**Problem details**
Copy nothing but the lines from the opening of the entries through the line that contains "5th image of 42 Donald St", exactly as written. Drop the pictures.

**Available records**

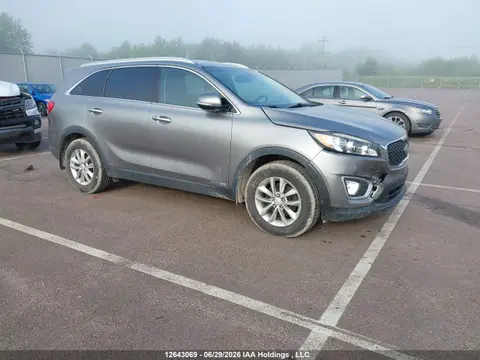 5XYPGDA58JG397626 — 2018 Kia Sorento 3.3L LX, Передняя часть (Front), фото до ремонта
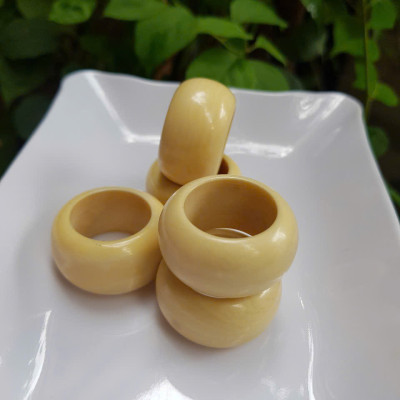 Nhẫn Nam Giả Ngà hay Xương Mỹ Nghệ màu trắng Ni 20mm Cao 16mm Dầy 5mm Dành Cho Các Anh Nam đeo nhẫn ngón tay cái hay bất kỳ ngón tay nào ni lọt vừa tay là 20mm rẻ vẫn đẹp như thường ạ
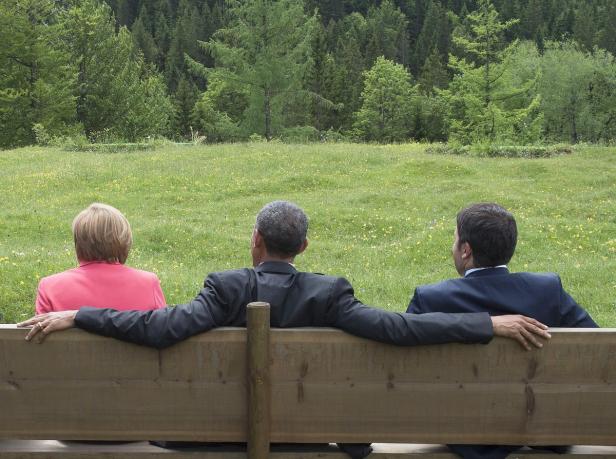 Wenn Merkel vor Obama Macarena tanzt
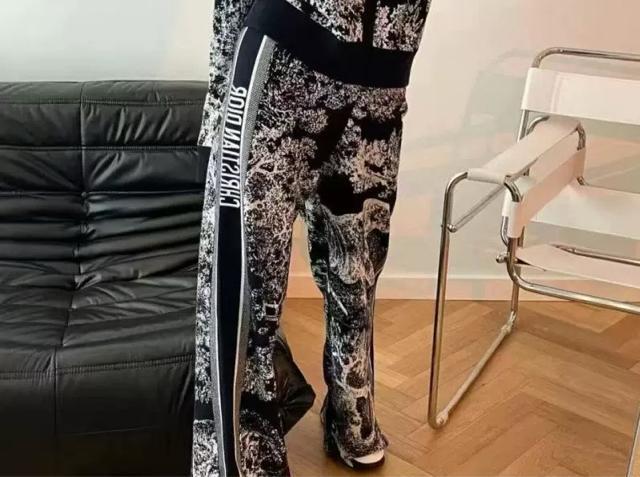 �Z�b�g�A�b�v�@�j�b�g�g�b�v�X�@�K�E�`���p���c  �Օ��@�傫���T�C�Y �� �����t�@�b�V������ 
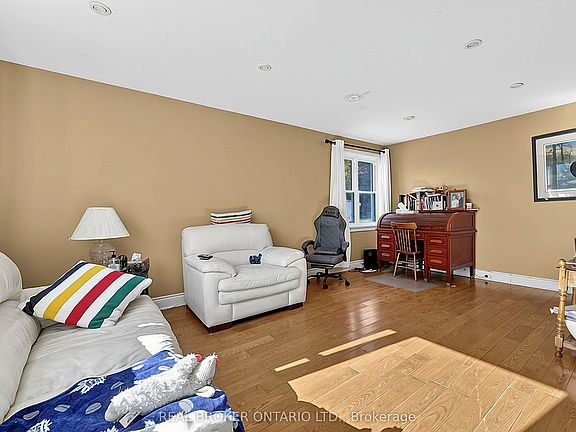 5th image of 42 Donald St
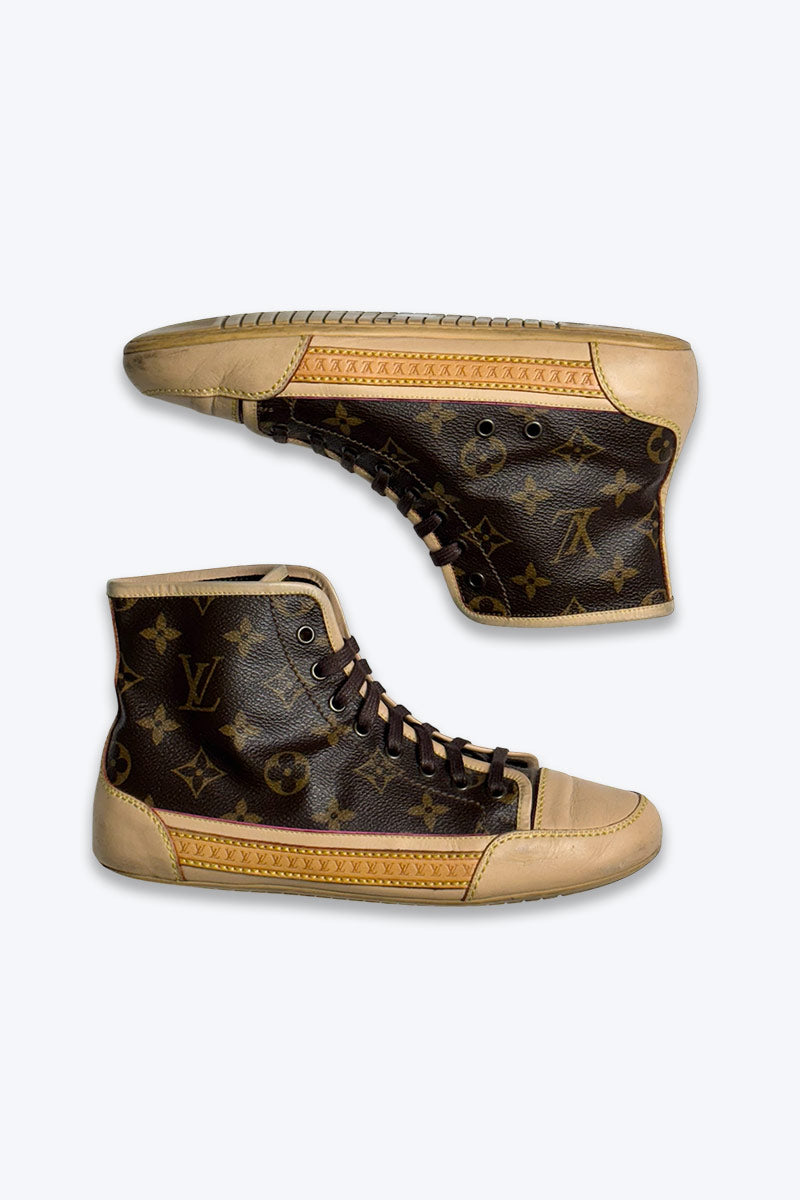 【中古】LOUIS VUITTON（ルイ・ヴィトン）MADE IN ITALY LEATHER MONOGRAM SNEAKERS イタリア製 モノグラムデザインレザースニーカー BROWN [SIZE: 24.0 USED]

**Solution**
 5XYPGDA58JG397626 — 2018 Kia Sorento 3.3L LX, Передняя часть (Front), фото до ремонта
 Nhẫn Nam Giả Ngà hay Xương Mỹ Nghệ màu trắng Ni 20mm Cao 16mm Dầy 5mm Dành Cho Các Anh Nam đeo nhẫn ngón tay cái hay bất kỳ ngón tay nào ni lọt vừa tay là 20mm rẻ vẫn đẹp như thường ạ
 Wenn Merkel vor Obama Macarena tanzt
 �Z�b�g�A�b�v�@�j�b�g�g�b�v�X�@�K�E�`���p���c  �Օ��@�傫���T�C�Y �� �����t�@�b�V������ 
 5th image of 42 Donald St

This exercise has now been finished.